Some Americans were still unaware of the step their nation had taken. Some knew that it had to be taken; some, either through fear or lack of imagination or lack of knowledge, were unwilling to follow. But the central fact remained: if the soth Century world was to secure its freedoms, the U.S. would have to supply leadership; doing less might even jeopardize its own freedom.
No one man was responsible for 1947's great step. Like many fateful decisions, it sprang only partly from the brain. It was an act brought about by events, and their steady, unending hammering on the U.S. sense of justice. But one man symbolized the U.S. action. He was Secretary of State George Marshall. As the man who offered hope to those who desperately needed it, he was the Man of the Year.
On history's calendar, the story of 1947 could be told through three events in the official life of George Marshall. On Jan. 7, a disillusioned man, he returned from his unsuccessful mission to China to take over the job of formulating and guiding the nation's foreign policy. Near the year's end, on Dec. 15, in London's Lancaster House, he angrily and coldly ended the Foreign Ministers' conference. These two events bracketed the year; the second ended an era of false hopes and hopeful judgments.
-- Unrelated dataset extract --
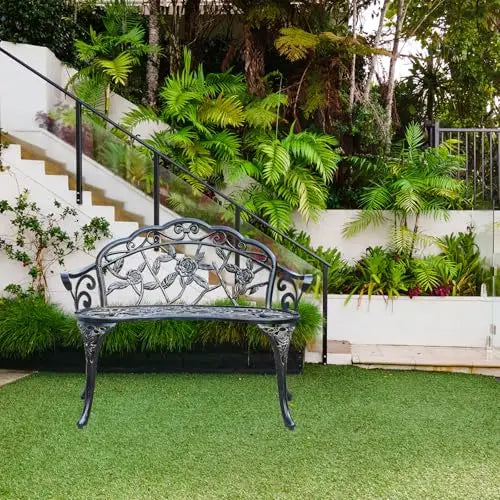 Elegant Cast Aluminum Outdoor Bench With Rose Vine Design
But it was the event of midyear that was the most significant. On June 5, standing under the elms in the Harvard Yard, George Marshall, in almost casual terms, announced the beginning of the program that was to become the Marshall Plan. Then & there the U.S. at last set out to seize the initiative from Russia in the cold war.
Simple Concept. Looking back over the year, U.S.-citizens might wonder how their enlightenment had come about. Looking back, Old Soldier Marshall might wonder himself. It was a kaleidoscopic story of surprise, improvisation and counterattack. When he took over as Secretary of State, George Marshall, despite his attendance at wartime conferences, was no skilled diplomat. He had been sent to China as a special presidential envoy to bring peace between Chiang Kai-shek's Nationalist government and the Chinese Communists. He failed in his mission. He came back denouncing the Chinese Communists as "irreconcilable," the Nationalists as "reactionary."
Unquestionably, Marshall had inherited some of his suspicion of the Nationalists from his great friend, War Secretary Stimson (see Historical Notes). But for years Chiang Kai-shek had stood implacably in Asia against the Chinese Communists. George Marshall had caught a glimpse of the same enemy that Chiang had long faced, but he still did not recognize him as such.